What to produce ▸ Your answer should be the lines below from the one with "VUNAKANOU, NEW GUINEA." to the one with "model wearing gold", both included, given again exactly and with nothing added.

*** Data listing

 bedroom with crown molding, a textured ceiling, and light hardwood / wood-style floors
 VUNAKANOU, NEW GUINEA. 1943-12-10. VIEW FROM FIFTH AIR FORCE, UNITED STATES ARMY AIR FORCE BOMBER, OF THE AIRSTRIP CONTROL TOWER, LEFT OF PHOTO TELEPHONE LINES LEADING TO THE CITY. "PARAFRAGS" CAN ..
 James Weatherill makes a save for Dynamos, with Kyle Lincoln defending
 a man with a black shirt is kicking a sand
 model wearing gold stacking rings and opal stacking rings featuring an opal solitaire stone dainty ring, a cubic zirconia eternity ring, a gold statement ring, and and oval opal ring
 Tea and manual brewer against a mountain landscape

******
*** Data listing

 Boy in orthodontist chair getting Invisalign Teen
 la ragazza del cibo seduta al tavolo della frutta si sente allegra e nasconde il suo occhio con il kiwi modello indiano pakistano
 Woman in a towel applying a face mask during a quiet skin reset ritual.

******

Exercise result ▸
 VUNAKANOU, NEW GUINEA. 1943-12-10. VIEW FROM FIFTH AIR FORCE, UNITED STATES ARMY AIR FORCE BOMBER, OF THE AIRSTRIP CONTROL TOWER, LEFT OF PHOTO TELEPHONE LINES LEADING TO THE CITY. "PARAFRAGS" CAN ..
 James Weatherill makes a save for Dynamos, with Kyle Lincoln defending
 a man with a black shirt is kicking a sand
 model wearing gold stacking rings and opal stacking rings featuring an opal solitaire stone dainty ring, a cubic zirconia eternity ring, a gold statement ring, and and oval opal ring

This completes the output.